> _TASK REQUIREMENTS_: Your output should be the complete listing, word for word, with no pictures in it.

> _DATA_:
· · · ·

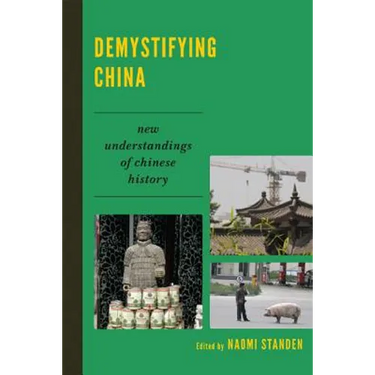 Demystifying China: New Understandings of Chinese History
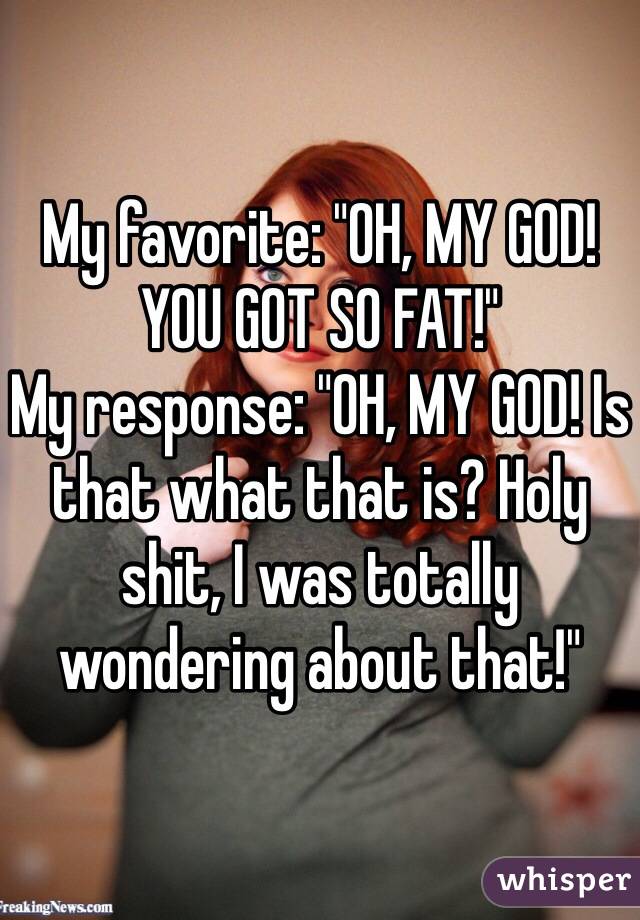 My favorite: "OH, MY GOD! YOU GOT SO FAT!"
My response: "OH, MY GOD! Is that what that is? Holy shit, I was totally wondering about that!"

· · · ·

> _SOLUTION FOR THIS PROBLEM_:
 Demystifying China: New Understandings of Chinese History
 My favorite: "OH, MY GOD! YOU GOT SO FAT!"
My response: "OH, MY GOD! Is that what that is? Holy shit, I was totally wondering about that!"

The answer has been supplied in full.